Growing up, I always expected college to be fun. I could take the classes I wanted to take. I would be on my own. I would be an adult for all intents and purposes. I did as I was told as best I could throughout my public school education in my youth. It was not until mid-high school that I started to critically examine the school system. In Spellmeyer’s “Inventing the University Student,” he addresses the use of mass education as a system to create the perfect, upstanding citizen. It helps make people nationalistic and proud of their country, which if effective for the continuation of that country. Through a series of unfortunate circumstances and a pitiful attempt of the school system at creating a comforting environment for its students, I began to see the school system as a factory churning out robotic adults that were supposedly ready for higher education.

As a writer, I did not see the potential of a college degree in writing until about halfway through my junior year of high school. Writing was just something I did and loved doing. I thought college was about getting a degree to get a good job. However, my reading material began addressing things that I had never thought of before, and writing slowly began to take over my life. Before I knew it, it was a part of my identity and what I wanted to pursue in college.

Writing in a university and for a university are two different things for me. Writing in a university is equivalent to writing in a point in my life, whereas writing for a university is the assignments that I am graded on. When I first started out in college, I tried to write what the professor was looking for specifically. In some classes even now, I do that. After my first workshop, though, I began to branch out and play with the words that spill out of my head. Writing for class did not necessarily have to be something straightforward and boring. It could and would be just as beautiful and crafted as a novel I hope to publish.

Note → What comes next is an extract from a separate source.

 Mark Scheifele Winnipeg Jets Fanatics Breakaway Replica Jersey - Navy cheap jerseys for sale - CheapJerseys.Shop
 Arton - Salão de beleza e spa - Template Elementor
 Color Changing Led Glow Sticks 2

As Spellmeyer points out, “truth, facts, and knowledge are the property of specialists” (42). Facts and figures were things that I was all too comfortable with and yet not comfortable with at all. I could ace a statistics exam without studying or memorize dates for history, but what I loved was to bend the rules. I like to exist in a world that has strict rules but also the feelings, opinions and intuitions that make life interesting. For me, as both a writer and an individual, facts and knowledge make the structure while feelings and opinions color it in. The balance of those two came with my writing, and being in the Creative Writing major helped to identify that. Classes and grades provided the structure I craved while the writing itself was the creative outlet I needed to survive. My best grades are in my creative writing classes and the worst in the classes that I do not have a chance of expressing myself.

In a way, writing became its own beast in college. Instead of an activity or an assignment, writing became like breathing for me. College was chaos. There are so many people that I do not know and so many cultures and backgrounds that I have never been confronted with before that the culture shock was a little rough at first. I found a community of creative people, and being around them both exited and scared me. Besides the people, new scenarios that I had never expected occurred and changed a lot of who I am as a person. The only constant thing about me became my writing. A lot of people write for catharsis, but I began to write for structure. It became a framing device that helped me focus and sort out my mentality about all of the changes that I was going through.

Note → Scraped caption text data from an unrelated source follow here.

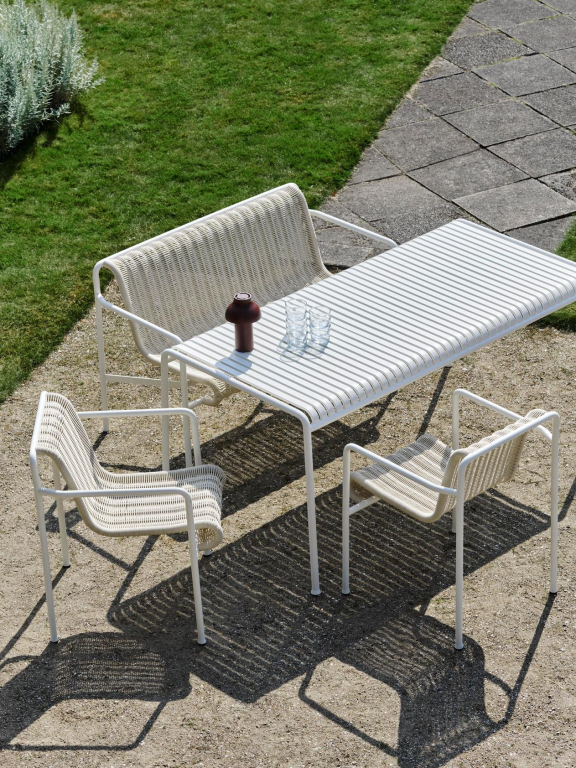 Hay Palissade Cord Dining Armchair tuinstoel Cream white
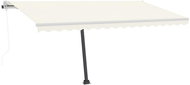 Automatická markýza LED a senzor větru 450 x 300 cm krémová 3068932 - Markýza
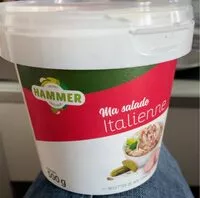 Mängden socker i Salade italienne HAMMER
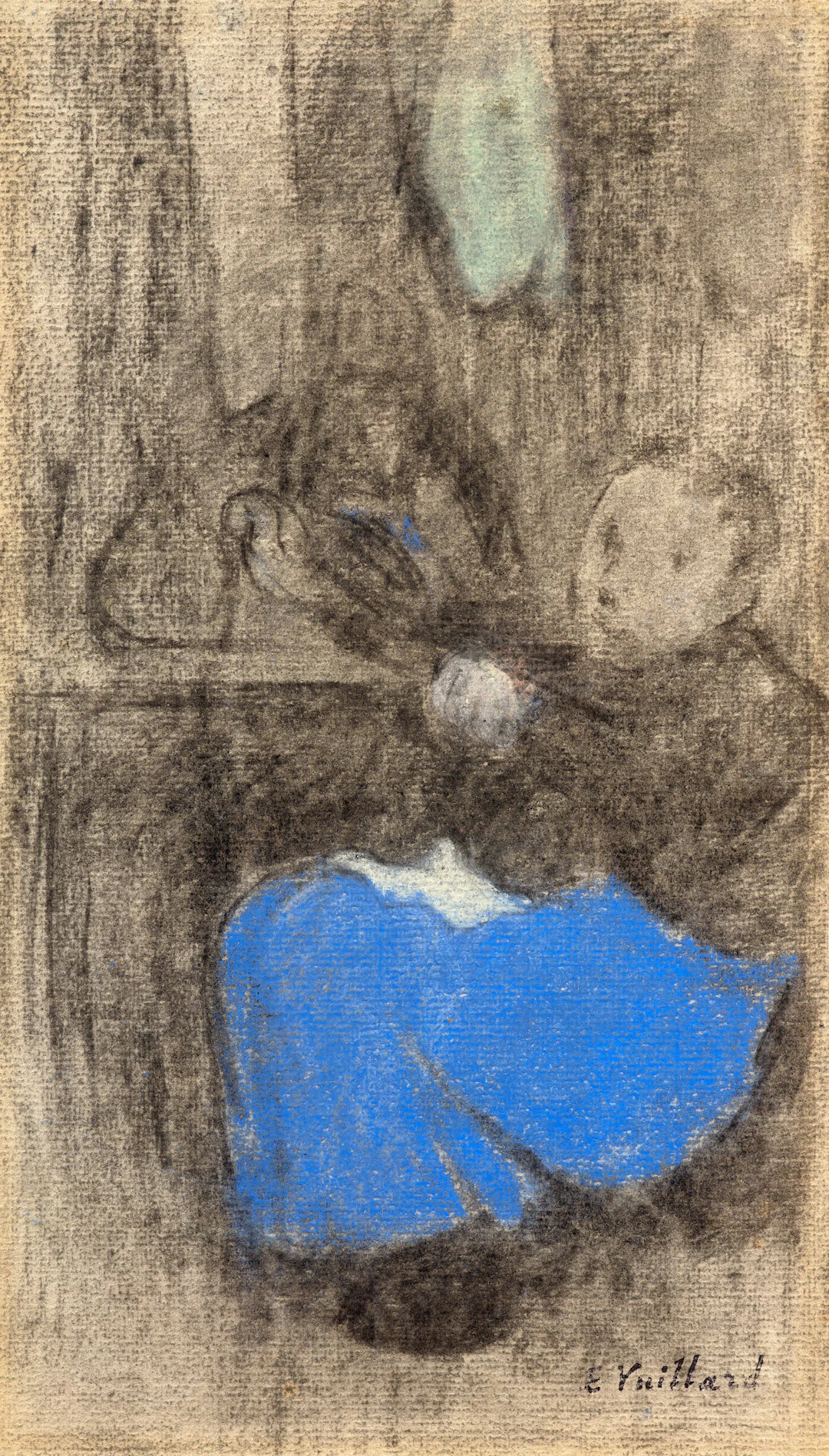 La petite Couturière à la robe bleue - 1892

Spellmeyer talks about the mediators of domains in the world. Everything has someone watching over it, critiquing it, making sure that everything plays by their rules. Even writing has that.  Organizations have opinions and goals in mind, and policing writing can be a way for them to do so. They begin to decide what makes a writer “good” and throw away the rest. Colleges are one of many systems to do this. However, writing is not necessarily just a public thing. Writing, at least for me, is the baring of my soul, of who I am, onto paper. The more I write, the more I realize that. It becomes a way for me to understand myself better. Even if someone says that my writing is not “good” writing, it does not change the fact that it is who I am.

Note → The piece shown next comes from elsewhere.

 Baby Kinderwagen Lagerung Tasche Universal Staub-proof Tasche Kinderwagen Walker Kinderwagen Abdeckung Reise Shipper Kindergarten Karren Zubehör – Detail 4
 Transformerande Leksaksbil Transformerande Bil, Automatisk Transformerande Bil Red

College was something different for me. It was a chance to spread my wings and become a better version of myself, and I like to think that I’ve accomplished that. As a writer, I’ve learned so much in college. I have learned to know myself better and to use my writing for my benefit, not for others. Maybe that was not the point of higher education, but it is one of many lessons that I will be taking away from it. Being a writer is synonymous to being Madelyn for me, and it is more important than anything else I think I will ever accomplish.